STATS 315 HW4

Homework 4: From Data To Model¶

In this homework we will focus on going from the data to a model that generalizes well.

import tensorflow as tf
import numpy as np
from tensorflow import keras
from tensorflow.keras import layers
from matplotlib import pyplot as plt
from tensorflow.keras import regularizers
from sklearn.datasets import fetch_california_housing
from sklearn.model_selection import train_test_split
from sklearn.preprocessing import StandardScaler
from keras.utils.np_utils import to_categorical
from tensorflow.keras.datasets import mnist

Part 1: Warmup¶
We will first start off again with the california housing dataset

california_housing = fetch_california_housing(return_X_y=True, as_frame=True)
X = california_housing[0]
y = california_housing[1]
X_train_unscaled, X_test_unscaled, y_train, y_test = train_test_split(X, y, test_size=0.3, random_state=42)
sc=StandardScaler()
X_train=sc.fit_transform(X_train_unscaled)
X_test = sc.transform(X_test_unscaled)

Question 1 (9 pts):
Recreate the regression model created in HW3 using tf.keras.Sequential. While you will have to use the same amount of epochs and batch size, for the optimizer you can use RMSprop with the same learning rate as in HW3.

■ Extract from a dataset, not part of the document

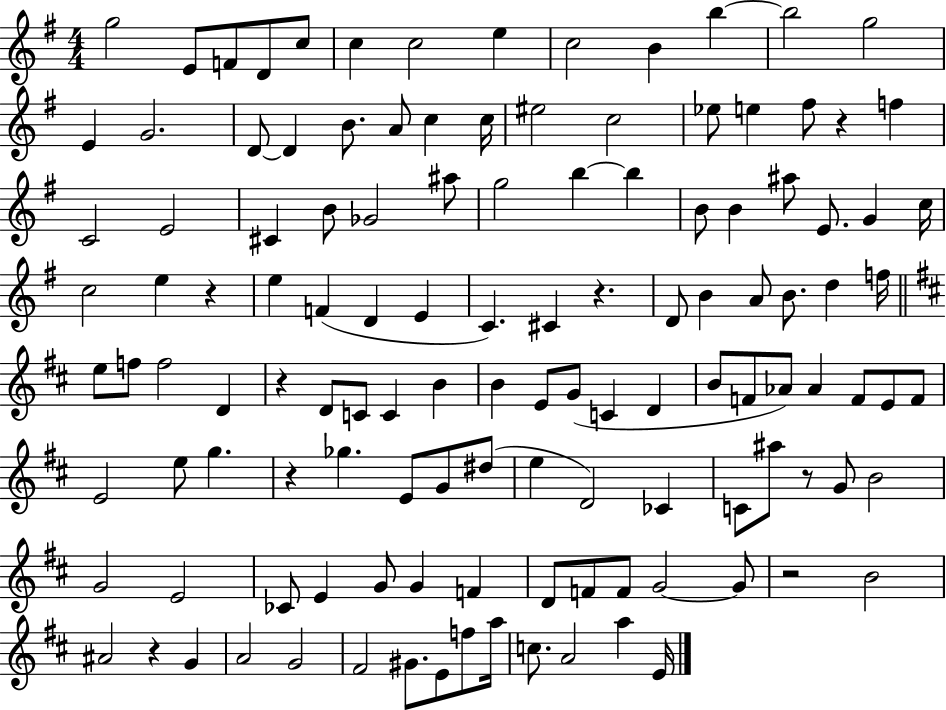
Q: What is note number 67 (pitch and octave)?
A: G4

“””A function that returns a compiled model that matches the regression
problem in HW3
Args: None
Returns: A tf.keras.Sequential model that has been compiled”””
#your code here

model_q1 = q1()
model_q1.fit(X_train,y_train, epochs=100, batch_size=1000)

Part 2: MNIST to Model¶
Now we shall switch to the MNIST dataset

(X, y_int), _ = mnist.load_data()
X = X.reshape(X.shape[0],-1)
y_one_hot = to_categorical(y_int, num_classes=10)
X_train_unscaled, X_test_unscaled, y_train, y_test = train_test_split(X, y_one_hot, test_size=0.3, random_state=42)
sc=StandardScaler()
X_train=sc.fit_transform(X_train_unscaled)
X_test = sc.transform(X_test_unscaled)
X_train, X_valid, y_train, y_valid = train_test_split(X_train, y_train, test_size=0.2, random_state=42)

Question 2 (9 pts):
Create a model that underfits the data after at least 50 epochs. (For the loss use cross entropy)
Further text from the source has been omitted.